- _Extracted records_

'''

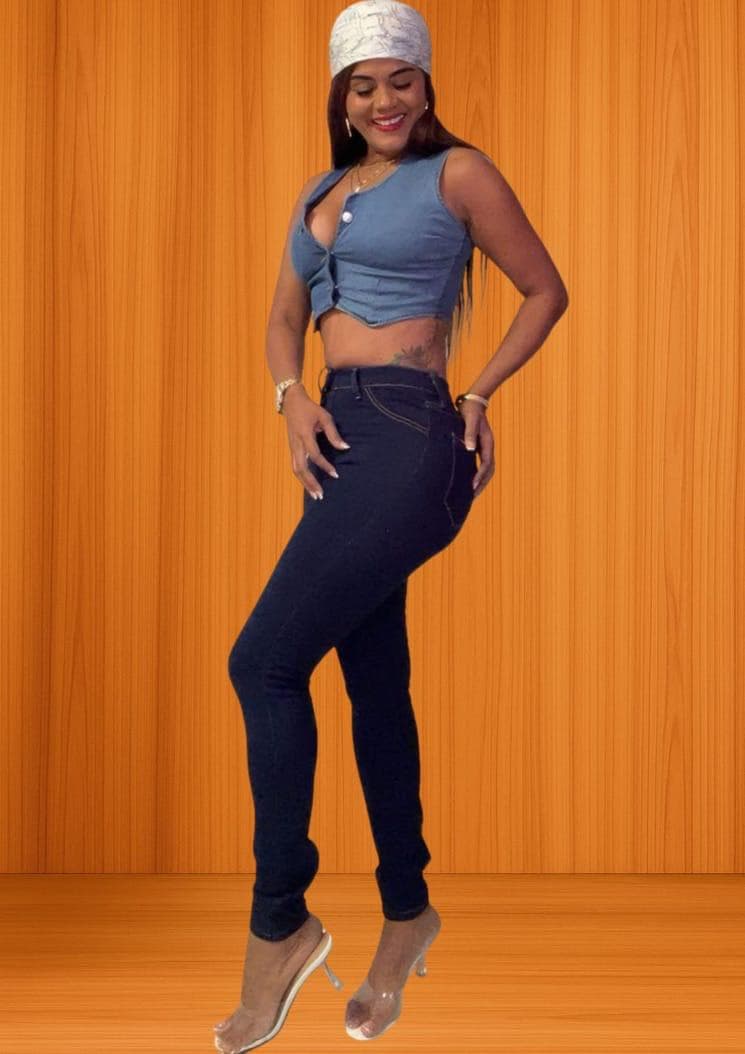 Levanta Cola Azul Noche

'''
'''

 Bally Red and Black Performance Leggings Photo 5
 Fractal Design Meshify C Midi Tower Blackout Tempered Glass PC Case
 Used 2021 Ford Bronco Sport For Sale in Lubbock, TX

'''
'''

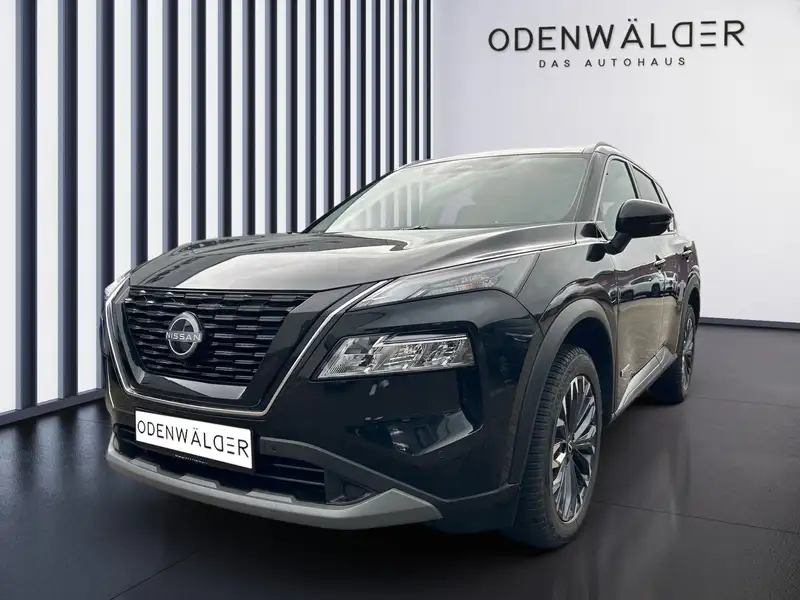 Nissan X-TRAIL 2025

'''

- _Task requirements_
Copy range, inclusive: the line holding "Bally Red and" to the line holding "Used 2021 Ford". Reproduce exactly those lines of the records above and no others.

- _Output_
 Bally Red and Black Performance Leggings Photo 5
 Fractal Design Meshify C Midi Tower Blackout Tempered Glass PC Case
 Used 2021 Ford Bronco Sport For Sale in Lubbock, TX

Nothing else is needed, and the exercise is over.